◎今回取り上げる古典:『プロテスタンティズムの倫理と資本主義の精神』(マックス・ヴェーバー)
ひたすら雑談し社長に刺激を与え続ける奇妙な仕事
いま私は奇妙な仕事をしている。私の本業はコンサルタントだから、その派生といってもいい。奇妙な仕事というのは、企業の社長を相手に、一日じゅう会話するものだ。いわゆる顧問業ともちがい、特定のテーマについて解決するものではない。コーチングとも異なる。そもそも題材がない。ほんとうに、さまざまなことを話し、相手の発した内容を深掘りしたり、横に広げたりする。
そのうちに、社長は「なるほど、思いついた」とつぶやく。ビジネスの新たな仕組みや、方法論を思いつくと、さっと社員に指示をする。一つでも有効な発想ができれば、すぐに私へ支払う費用ぶんは回収できるというわけだ。必要なのは、かならずしも私ではなく、広範囲の知識を有していて、なんでも打ち返してくれる相手。
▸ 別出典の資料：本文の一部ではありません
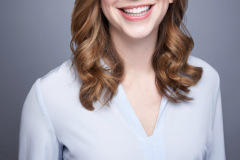 modern headshot on grey background with white dress shirt in studio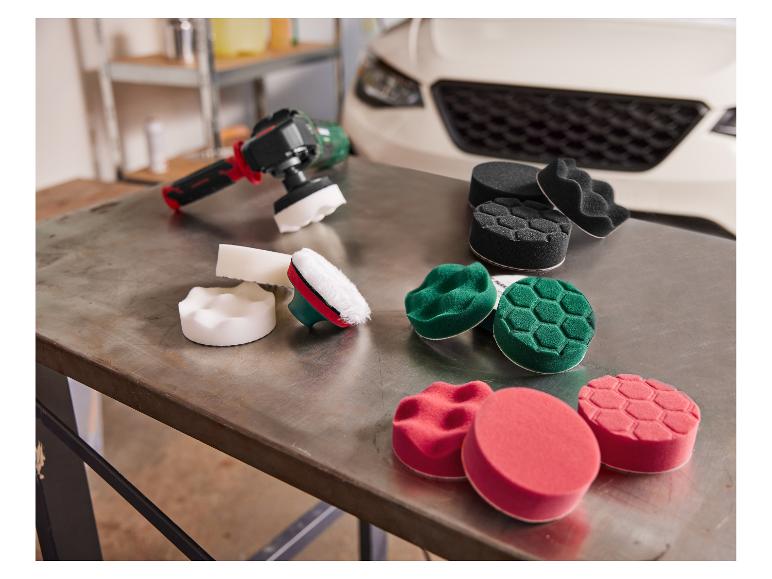 Verschillende polijstpads en een polijstmachine voor auto's op een metalen tafel.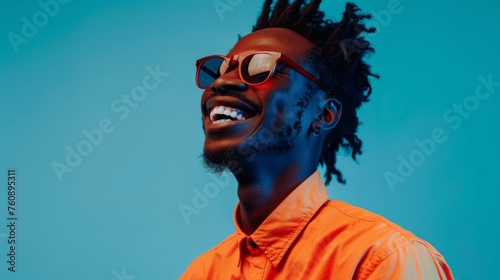 portrait of a black cheerful man with dreadlocks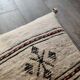Off-white Berber cushion with wool pompom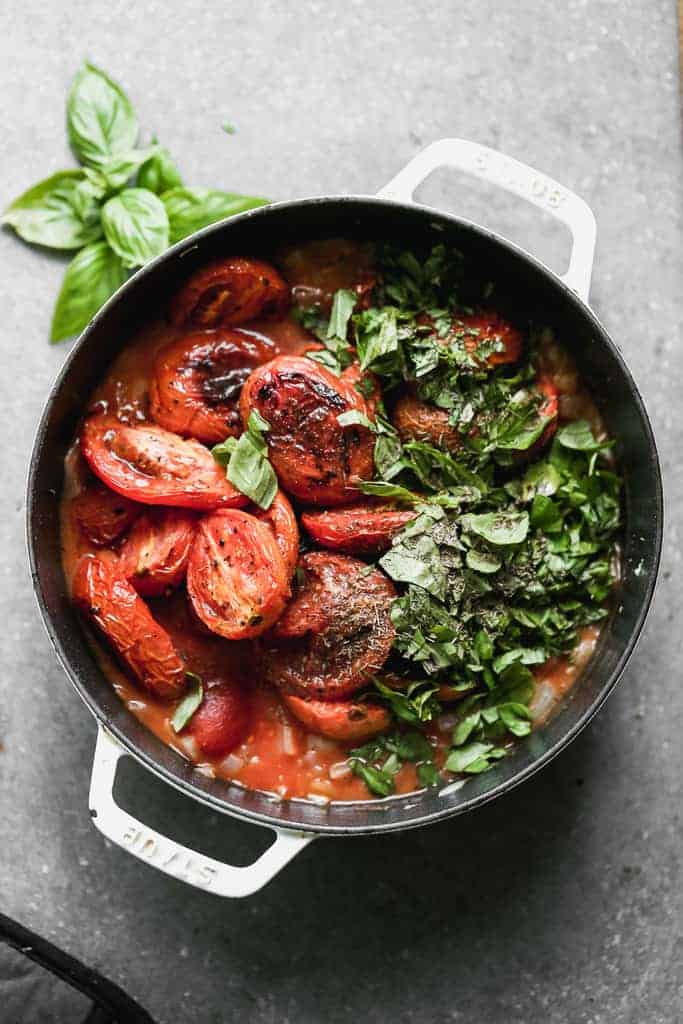 A pot with the ingredients for roasted tomato soup in it, including roasted tomatoes, basil, onion, garlic and broth.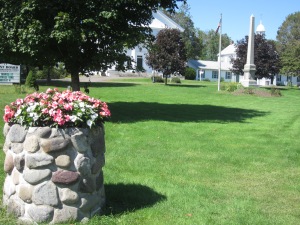 The stone planter on the Green used to be filled with spring-fed water to quench the thirst of oxen and horses after they climbed the hill on Main Street coming from Thomaston.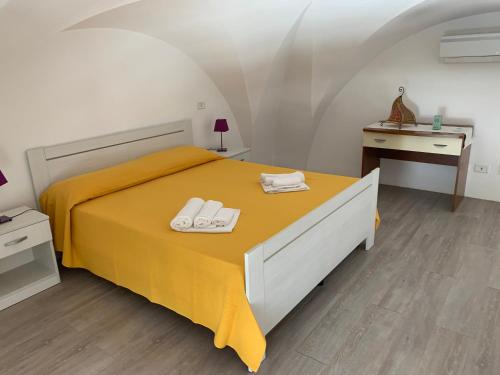 Säng eller sängar i ett rum på Monolocali a Palazzo Rizzelli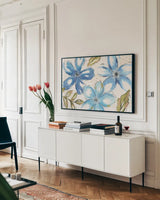Indigo Tones I by Veronique Charron. shown as a framed stretched canvas in a living room above a console. Available as a archival giclee rolled canvas, fine art paper, or poster print. SKU 84365i.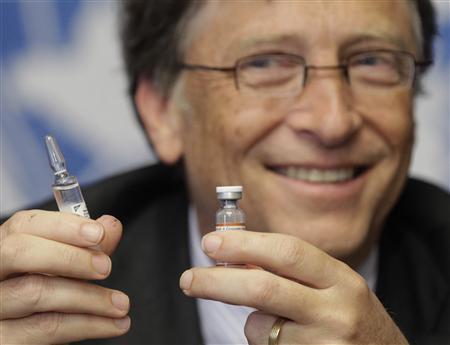 Gates co-chair of the Bill & Melinda Gates Foundation poses with vaccine against meningitis during a news conference at the United Nations in Geneva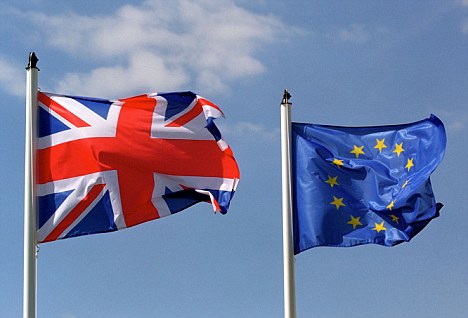 A United Kingdom flag flying next to a European Union flag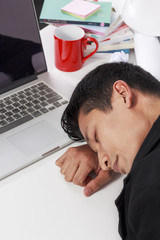 Businessman stressed and fall asleep on the tableat work on white background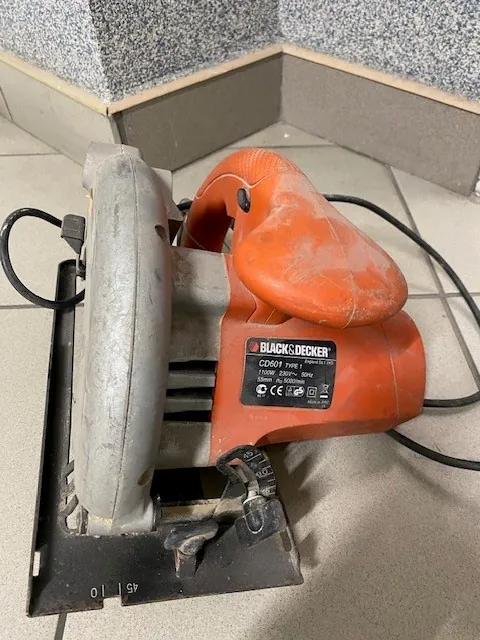 Czerwono-szara piła tarczowa marki Black & Decker model CD061 o mocy 1100W, napięciu 230V i częstotliwości 50Hz. Urządzenie leży na podłodze z białymi płytkami, w tle widoczna jest szara, kropkowana ściana. Na piłce znajduje się czarny kabel zasilający oraz czarna podstawa z oznaczeniami kątowymi (0, 45).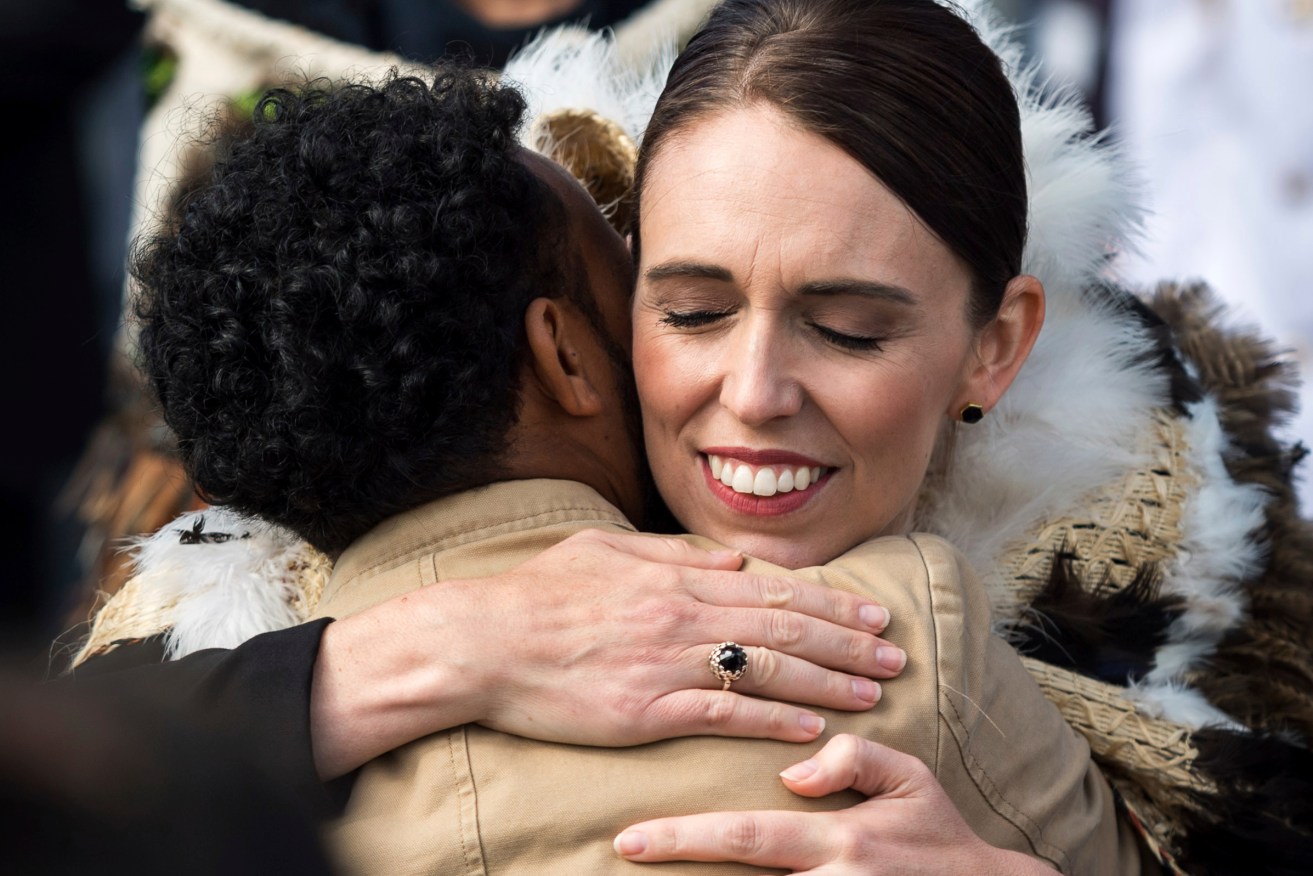 New Zealand Prime Minister Jacinda Ardern embraces a member of the Muslim community at a national remembrance service for  victims of the March15 mosque shootings. Photo: supplied.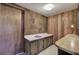 Simple wet bar with wood cabinets and countertop in the basement at 731 Willow Ridge Dr, Marietta, GA 30068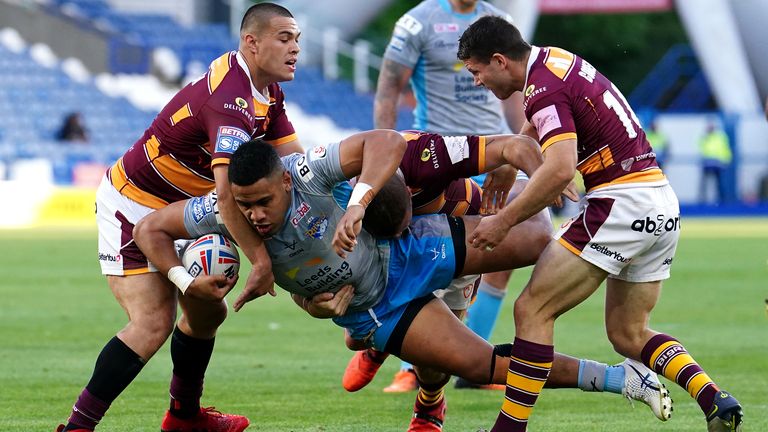 Leeds Rhinos' David Fusitu'a is tackled by Huddersfield Giants' Tui Lolohea, Josh Jones and Jack Cogger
たとえば、社長が「この前、スーパーにいったら年配のひとばかりだった」という。私は「最近は15日あたりに特売日を設定するんですよね。年金の受給日だから」と返す。「おー。それなら、ウチでやっているセミナーは、24日前がいいね」と社長が思いつく。
社長のなかでは、日にちと購買行動が結びつく、と理解した。それならば、自社で開催しているセミナーは金融知識の大切さを説くものだから、多くのビジネスパーソンが金欠状態にある給料日前=24日あたりがいい。そう発想したのだった。私は意図したわけではなかった。ただ、どう活用してもいい。この社長は、新たなビジネスを思いつく、という営利的な目標のなかで、雑談という非営利的な行為を楽しんでいる。
この逆説。
考えてみるに、王道は誰もがやっている。発想も似たようになる。それであれば、もっとも営利から遠い箇所に自分を連れて行って、そこから発想を練り直すこと。
もしかすると、読書という経験もそうかもしれない。純粋に物語や、文章を楽しむやり方もある。しかし、いっぽうで、あえて自分が取り組む領域と乖離しているような書籍と対話してみること。すべてをビジネスと関連付ける必要はない。
私はずっと、役に立たいことがなんらかの役に立つのではないかと考えてきた。誰しもが前述社長のようにコンサルタントを雇えるわけではない。しかし、書籍を使えば、未知なる著者と対話が楽しめる。